**Exercise instructions**. Say how many lines in the records hold the word "Bedroom", and give nothing but that number.

:: Recorded information

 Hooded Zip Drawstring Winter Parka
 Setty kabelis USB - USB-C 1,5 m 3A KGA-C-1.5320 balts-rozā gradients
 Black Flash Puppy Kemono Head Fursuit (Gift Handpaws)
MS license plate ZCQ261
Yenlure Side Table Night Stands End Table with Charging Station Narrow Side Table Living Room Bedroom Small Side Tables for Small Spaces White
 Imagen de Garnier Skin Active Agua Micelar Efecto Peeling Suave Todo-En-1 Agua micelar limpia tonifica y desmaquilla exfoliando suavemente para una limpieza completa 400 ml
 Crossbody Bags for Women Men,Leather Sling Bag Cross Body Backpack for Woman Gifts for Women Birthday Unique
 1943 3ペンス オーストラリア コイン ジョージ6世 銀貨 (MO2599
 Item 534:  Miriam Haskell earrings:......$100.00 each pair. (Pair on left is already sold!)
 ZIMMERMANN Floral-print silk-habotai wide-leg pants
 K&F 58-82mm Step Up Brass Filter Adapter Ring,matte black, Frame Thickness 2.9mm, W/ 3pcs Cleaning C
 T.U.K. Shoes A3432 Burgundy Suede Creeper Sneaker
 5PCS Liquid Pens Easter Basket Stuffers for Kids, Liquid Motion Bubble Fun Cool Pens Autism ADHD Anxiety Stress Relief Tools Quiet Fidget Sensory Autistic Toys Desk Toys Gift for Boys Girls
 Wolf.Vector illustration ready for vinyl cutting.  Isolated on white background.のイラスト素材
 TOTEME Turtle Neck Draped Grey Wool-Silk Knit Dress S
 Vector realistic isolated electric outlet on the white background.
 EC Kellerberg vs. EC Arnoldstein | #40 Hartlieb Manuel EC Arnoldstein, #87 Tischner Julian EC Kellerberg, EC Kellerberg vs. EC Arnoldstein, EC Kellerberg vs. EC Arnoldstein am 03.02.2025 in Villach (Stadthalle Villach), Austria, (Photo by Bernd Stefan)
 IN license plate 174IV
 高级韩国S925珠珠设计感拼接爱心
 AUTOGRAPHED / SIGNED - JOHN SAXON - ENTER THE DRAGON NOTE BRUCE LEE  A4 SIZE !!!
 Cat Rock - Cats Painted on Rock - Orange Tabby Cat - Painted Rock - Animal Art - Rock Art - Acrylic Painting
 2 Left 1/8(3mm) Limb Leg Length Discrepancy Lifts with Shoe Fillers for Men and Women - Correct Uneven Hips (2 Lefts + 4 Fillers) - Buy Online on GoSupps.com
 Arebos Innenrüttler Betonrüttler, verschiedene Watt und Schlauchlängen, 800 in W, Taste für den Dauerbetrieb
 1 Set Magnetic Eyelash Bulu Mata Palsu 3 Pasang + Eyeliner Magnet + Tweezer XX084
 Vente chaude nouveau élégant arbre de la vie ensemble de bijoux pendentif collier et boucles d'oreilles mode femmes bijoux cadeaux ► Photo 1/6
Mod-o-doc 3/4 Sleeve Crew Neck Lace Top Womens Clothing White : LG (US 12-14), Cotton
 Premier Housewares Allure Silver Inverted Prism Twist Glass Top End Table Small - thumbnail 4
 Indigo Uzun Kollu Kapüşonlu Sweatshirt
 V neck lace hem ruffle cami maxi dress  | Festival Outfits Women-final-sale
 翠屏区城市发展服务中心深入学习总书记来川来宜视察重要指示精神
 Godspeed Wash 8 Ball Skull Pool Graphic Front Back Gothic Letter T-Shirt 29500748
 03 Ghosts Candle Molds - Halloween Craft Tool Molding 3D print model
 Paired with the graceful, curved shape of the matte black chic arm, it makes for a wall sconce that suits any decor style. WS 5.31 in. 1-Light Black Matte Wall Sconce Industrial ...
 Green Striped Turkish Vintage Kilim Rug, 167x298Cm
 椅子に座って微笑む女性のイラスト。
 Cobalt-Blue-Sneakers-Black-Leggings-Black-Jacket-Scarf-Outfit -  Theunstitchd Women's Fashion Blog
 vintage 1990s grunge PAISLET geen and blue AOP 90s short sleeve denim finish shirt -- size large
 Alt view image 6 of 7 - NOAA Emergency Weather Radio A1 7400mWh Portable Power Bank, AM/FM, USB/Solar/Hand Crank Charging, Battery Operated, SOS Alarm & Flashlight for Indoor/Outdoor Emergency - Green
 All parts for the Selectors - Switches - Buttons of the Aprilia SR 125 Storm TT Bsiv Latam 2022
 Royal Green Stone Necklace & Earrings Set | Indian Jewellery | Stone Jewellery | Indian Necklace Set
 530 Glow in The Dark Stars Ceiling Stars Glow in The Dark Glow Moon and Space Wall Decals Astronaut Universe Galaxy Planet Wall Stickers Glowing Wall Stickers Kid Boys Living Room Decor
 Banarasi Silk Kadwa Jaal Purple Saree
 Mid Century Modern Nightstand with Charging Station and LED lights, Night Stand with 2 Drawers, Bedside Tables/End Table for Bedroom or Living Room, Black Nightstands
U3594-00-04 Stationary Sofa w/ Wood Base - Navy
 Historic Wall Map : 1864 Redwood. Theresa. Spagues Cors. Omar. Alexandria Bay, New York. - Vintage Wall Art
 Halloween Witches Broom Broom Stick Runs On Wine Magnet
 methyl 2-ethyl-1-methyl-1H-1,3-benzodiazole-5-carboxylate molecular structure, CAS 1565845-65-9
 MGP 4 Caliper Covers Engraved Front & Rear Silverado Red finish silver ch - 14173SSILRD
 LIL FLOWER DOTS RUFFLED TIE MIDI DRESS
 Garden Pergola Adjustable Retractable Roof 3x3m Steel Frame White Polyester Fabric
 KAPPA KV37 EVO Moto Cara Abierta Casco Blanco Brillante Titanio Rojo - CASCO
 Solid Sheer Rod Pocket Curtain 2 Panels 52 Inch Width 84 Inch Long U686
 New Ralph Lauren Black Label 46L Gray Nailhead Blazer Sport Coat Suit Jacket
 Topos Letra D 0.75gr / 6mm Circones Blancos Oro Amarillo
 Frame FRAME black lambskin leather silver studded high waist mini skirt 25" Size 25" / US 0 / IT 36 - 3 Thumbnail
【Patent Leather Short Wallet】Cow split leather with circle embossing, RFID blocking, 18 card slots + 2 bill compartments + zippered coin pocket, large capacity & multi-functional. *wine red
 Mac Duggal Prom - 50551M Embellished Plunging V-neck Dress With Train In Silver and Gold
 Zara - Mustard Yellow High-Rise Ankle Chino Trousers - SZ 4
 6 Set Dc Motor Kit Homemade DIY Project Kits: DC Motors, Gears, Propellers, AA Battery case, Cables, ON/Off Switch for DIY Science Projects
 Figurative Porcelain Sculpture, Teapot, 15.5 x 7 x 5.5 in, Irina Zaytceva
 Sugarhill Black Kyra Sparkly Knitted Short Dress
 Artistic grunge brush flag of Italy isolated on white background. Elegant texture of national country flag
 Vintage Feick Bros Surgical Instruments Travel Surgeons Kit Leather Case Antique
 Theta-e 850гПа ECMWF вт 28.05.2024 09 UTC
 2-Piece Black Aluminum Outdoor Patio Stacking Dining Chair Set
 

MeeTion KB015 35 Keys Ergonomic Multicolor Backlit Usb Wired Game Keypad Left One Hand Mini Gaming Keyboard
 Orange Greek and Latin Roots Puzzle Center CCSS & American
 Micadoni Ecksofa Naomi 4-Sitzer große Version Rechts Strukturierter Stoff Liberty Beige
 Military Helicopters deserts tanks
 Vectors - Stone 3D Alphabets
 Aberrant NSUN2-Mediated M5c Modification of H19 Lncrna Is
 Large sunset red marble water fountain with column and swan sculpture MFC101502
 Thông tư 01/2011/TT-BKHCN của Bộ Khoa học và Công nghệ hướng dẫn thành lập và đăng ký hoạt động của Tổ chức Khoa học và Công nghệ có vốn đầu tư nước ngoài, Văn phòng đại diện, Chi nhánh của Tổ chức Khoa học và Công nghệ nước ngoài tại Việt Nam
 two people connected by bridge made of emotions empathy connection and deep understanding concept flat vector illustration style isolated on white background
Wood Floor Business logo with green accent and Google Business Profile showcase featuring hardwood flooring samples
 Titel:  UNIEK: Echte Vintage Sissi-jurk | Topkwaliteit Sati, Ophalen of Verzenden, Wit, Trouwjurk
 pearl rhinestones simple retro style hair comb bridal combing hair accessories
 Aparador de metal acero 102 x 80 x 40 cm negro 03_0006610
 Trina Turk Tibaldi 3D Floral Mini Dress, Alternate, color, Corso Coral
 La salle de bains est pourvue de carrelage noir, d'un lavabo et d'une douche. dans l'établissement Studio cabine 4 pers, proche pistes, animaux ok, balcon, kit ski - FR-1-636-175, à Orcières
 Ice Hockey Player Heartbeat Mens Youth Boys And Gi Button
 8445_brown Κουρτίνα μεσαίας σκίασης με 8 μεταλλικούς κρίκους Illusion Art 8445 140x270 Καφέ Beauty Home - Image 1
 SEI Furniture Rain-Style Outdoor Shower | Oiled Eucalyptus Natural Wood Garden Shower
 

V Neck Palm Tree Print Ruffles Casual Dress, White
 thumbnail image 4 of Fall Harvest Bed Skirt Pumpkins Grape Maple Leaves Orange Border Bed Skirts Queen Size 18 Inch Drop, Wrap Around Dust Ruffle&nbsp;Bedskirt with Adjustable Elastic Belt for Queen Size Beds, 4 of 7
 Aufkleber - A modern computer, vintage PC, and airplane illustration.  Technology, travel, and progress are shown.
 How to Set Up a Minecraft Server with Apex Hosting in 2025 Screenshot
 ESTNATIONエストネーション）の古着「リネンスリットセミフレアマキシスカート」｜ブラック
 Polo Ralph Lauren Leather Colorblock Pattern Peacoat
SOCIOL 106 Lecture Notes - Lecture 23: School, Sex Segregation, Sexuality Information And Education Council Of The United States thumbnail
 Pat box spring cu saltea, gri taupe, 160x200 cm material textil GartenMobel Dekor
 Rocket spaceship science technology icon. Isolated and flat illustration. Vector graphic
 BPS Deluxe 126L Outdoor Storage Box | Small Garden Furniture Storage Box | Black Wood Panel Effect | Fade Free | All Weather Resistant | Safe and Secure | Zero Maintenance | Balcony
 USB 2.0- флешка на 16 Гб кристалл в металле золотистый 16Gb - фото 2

::::

**Solution**. 2